Equus is a play by Peter Shaffer written in 1973, telling the story of a psychiatrist who attempts to treat a young man who has a pathological religious fascination with horses.

Shaffer was inspired to write Equus when he heard of a crime involving a 17-year-old who blinded six horses in a small town in Suffolk. He set out to construct a fictional account of what might have caused the incident, without knowing any of the details of the crime. The play's action is something of a detective story, involving the attempts of the child psychiatrist Dr. Martin Dysart to understand the cause of the boy's (Alan Strang) actions while wrestling with his own sense of purpose.

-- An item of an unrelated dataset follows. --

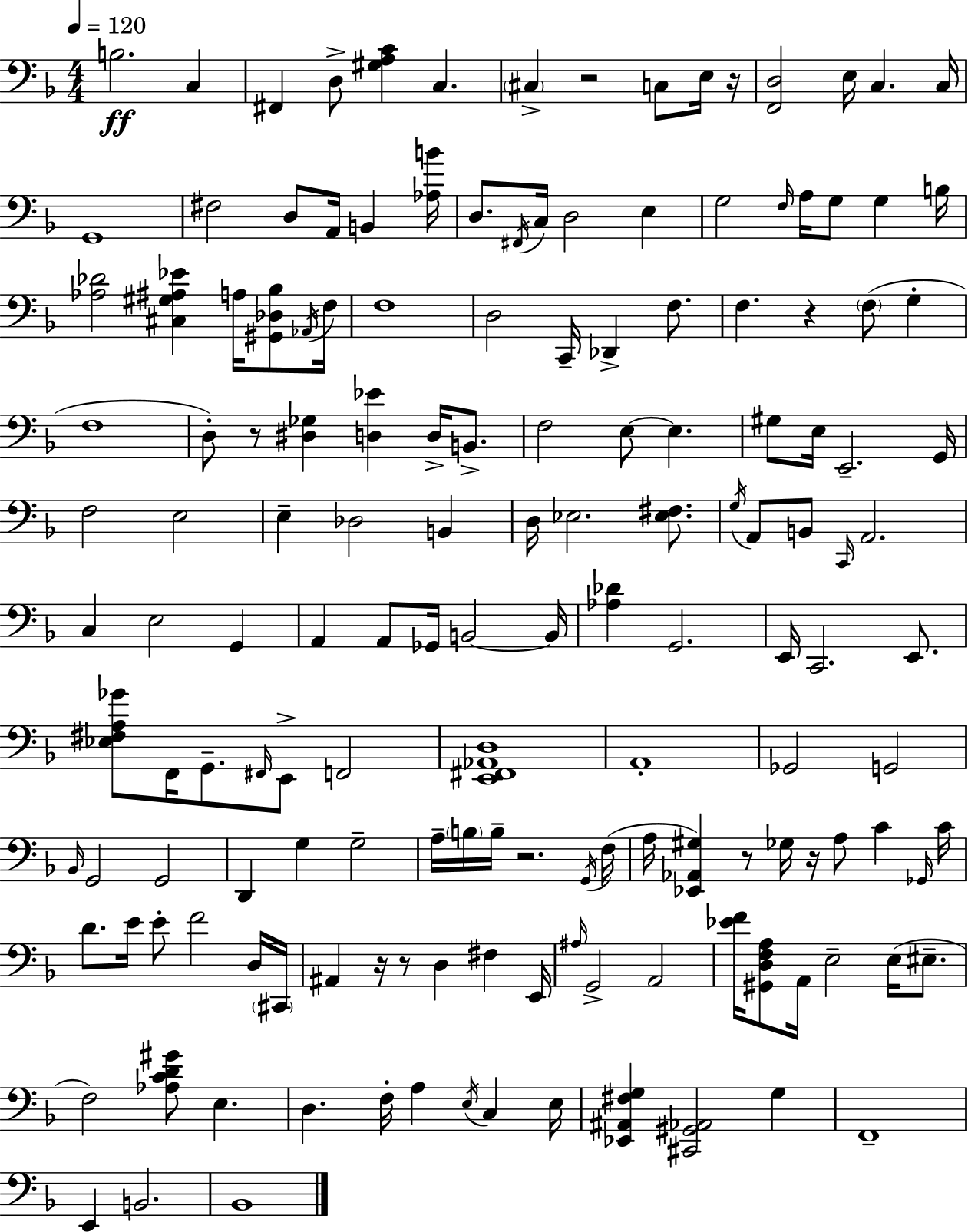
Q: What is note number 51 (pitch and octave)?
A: E3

The original stage production ran at the National Theatre in London between 1973 and 1975, directed by John Dexter. Alec McCowen played Dysart, and Peter Firth played Alan Strang. Later came the Broadway productions that starred Anthony Hopkins as Dysart (later played by Richard Burton, Leonard Nimoy, and Anthony Perkins) and from the London production, Peter Firth as Alan. When Firth left for Broadway, Dai Bradley took over the role of Alan in the London production, playing opposite Michael Jayston as Dr. Dysart. Tom Hulce replaced Firth during the Broadway run. The Broadway production ran for 1,209 performances. Marian Seldes appeared in every single performance of the Broadway run, first in the role of Hesther and then as Dora. Shaffer also adapted his play for a 1977 film of the same name.

Numerous other issues inform the narrative. Most important are religious and ritual sacrifice themes, as well as the manner in which character Alan Strang constructs a personal theology involving the horses and the supreme godhead, "Equus". Alan sees the horses as representative of God and confuses his adoration of his "God" with sexual attraction. Also important is Shaffer's examination of the conflict between personal values and satisfaction and societal mores, expectations, and institutions. By employing classical structure, themes, and characterisation, Shaffer dramatizes the conflict between Apollonian and Dionysian values and systems in human life.

Plot summary

Act 1

Martin Dysart is a psychiatrist in a psychiatric hospital. He begins with a monologue in which he outlines the case of 17-year-old Alan Strang, who blinded six horses. He also divulges his feeling that his occupation is not all that he wishes it to be and his feelings of dissatisfaction and disappointment about his barren life. Dysart finds that the supply of troubled young people for him to "adjust" back into "normal" living is never-ending, but he doubts the value of treating these youths, since they will simply return to a dull, normal life that lacks any commitment and "worship" (a recurring theme). He comments that Alan Strang's crime was extreme, but adds that just such extremity is needed to break free from the chains of existence.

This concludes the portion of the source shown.